AVAILABLE RECORDS »

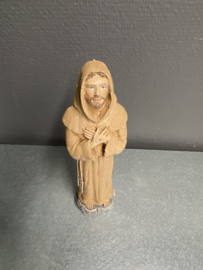 Heiligenbeeld  Franciscus van Assisi, in pij, resin, 21.5cm. (10)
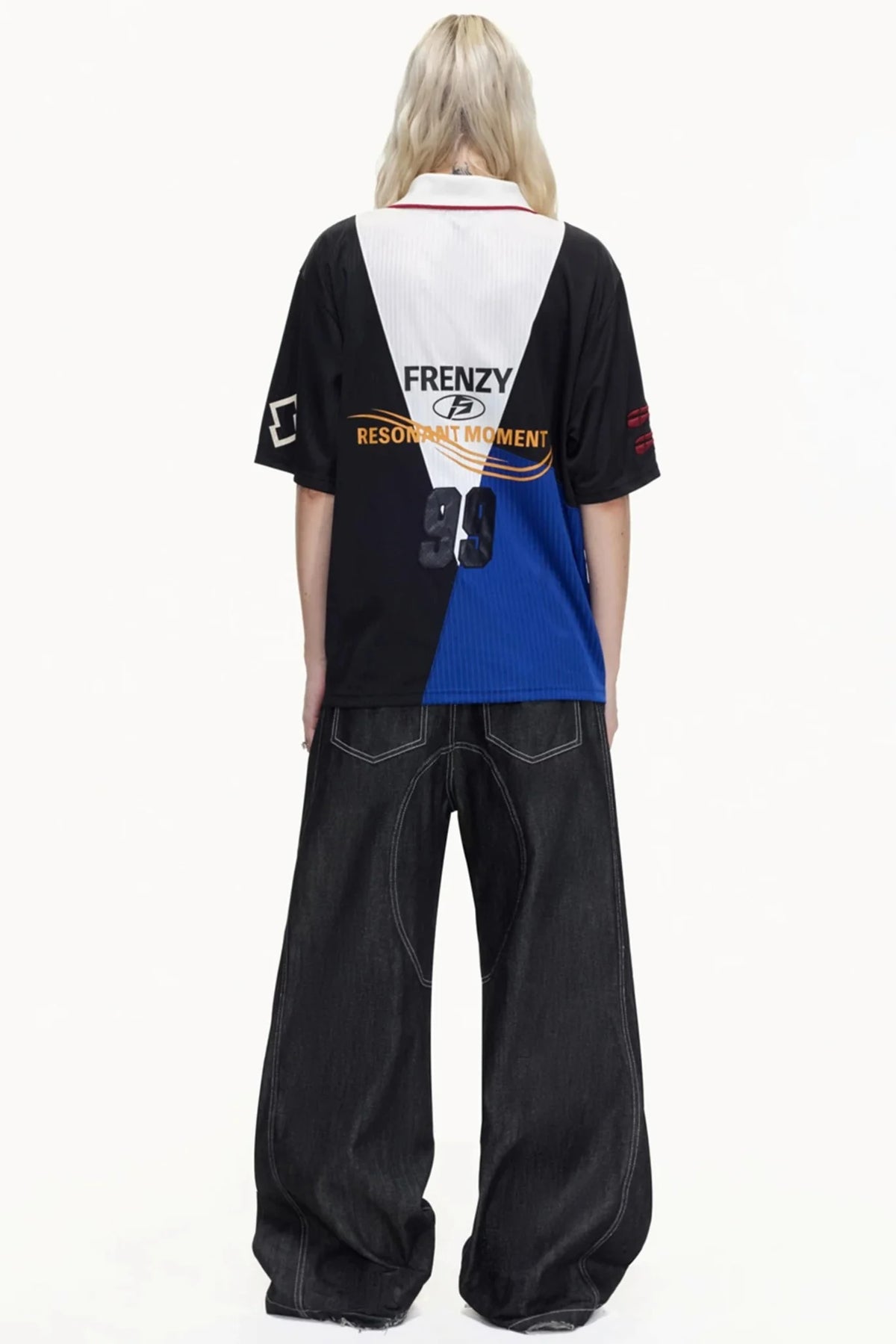 American Jersey Polo Top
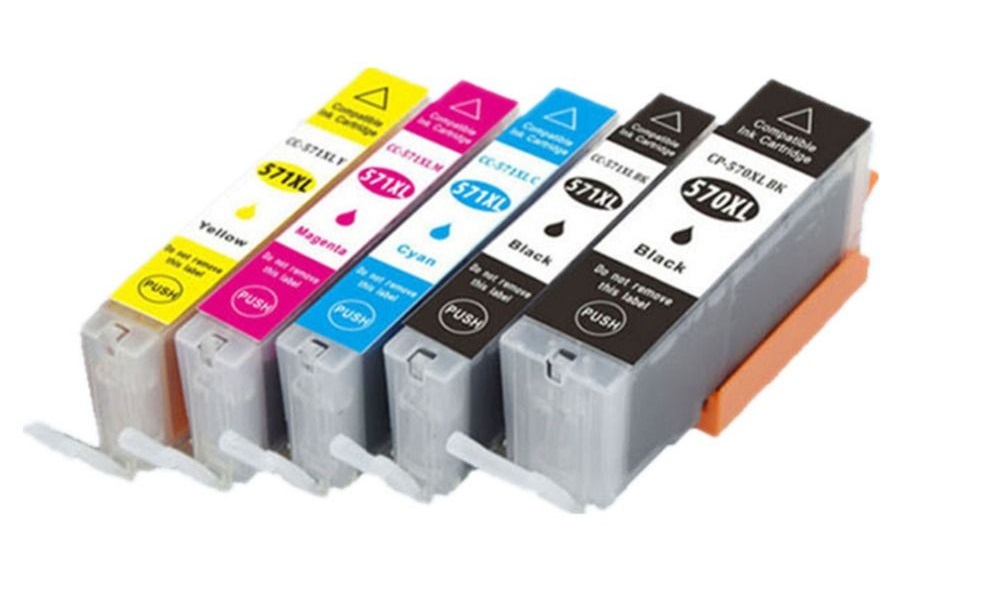 PACK CARTUCHOS COMPATIBLES CANON 5750 PG-570XL CLI-571XL Cartuchos Cartuchos  tinta compatibles CANON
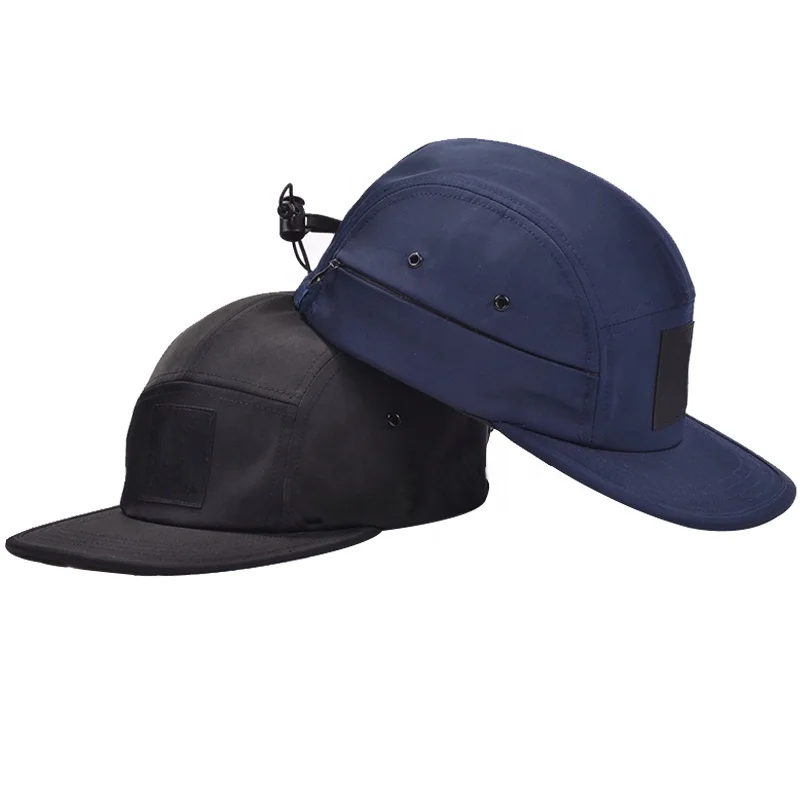 Blue Mesh Blank Bucket Custom Logo Corduroy Truck With String Nylon Mens 5 Panel Camper Hat Caps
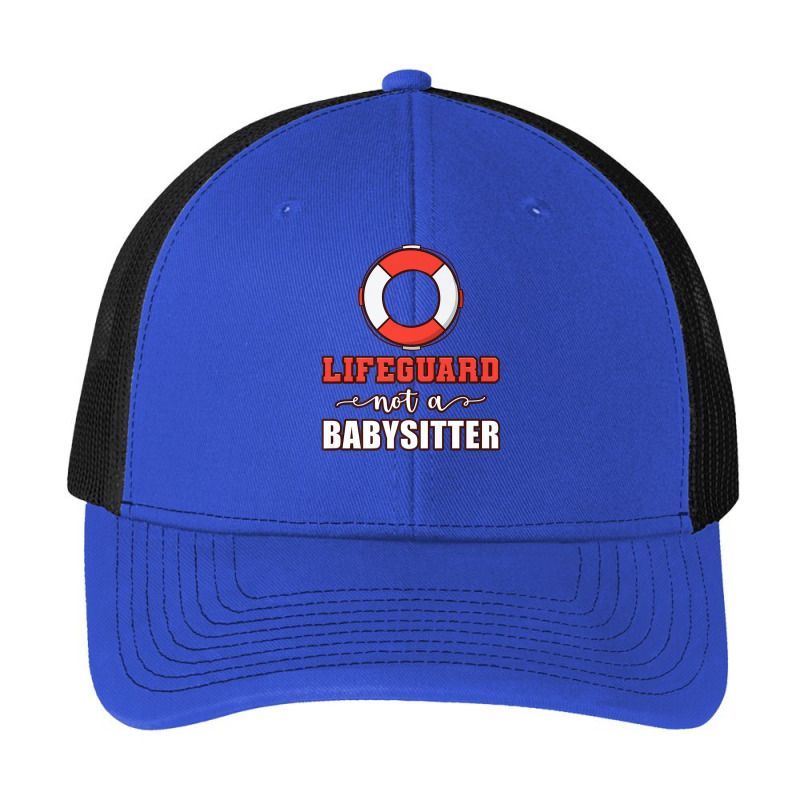 Mens Life Guard Not A Babysitter Seashore Marine Police Duty Premium Pa Trucker Cap | Artistshot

WHAT THE EXERCISE ASKS » Transcribe every entry exactly, omitting pictures.

RESULT BELOW »
 Heiligenbeeld  Franciscus van Assisi, in pij, resin, 21.5cm. (10)
 American Jersey Polo Top
 PACK CARTUCHOS COMPATIBLES CANON 5750 PG-570XL CLI-571XL Cartuchos Cartuchos  tinta compatibles CANON
 Blue Mesh Blank Bucket Custom Logo Corduroy Truck With String Nylon Mens 5 Panel Camper Hat Caps
 Mens Life Guard Not A Babysitter Seashore Marine Police Duty Premium Pa Trucker Cap | Artistshot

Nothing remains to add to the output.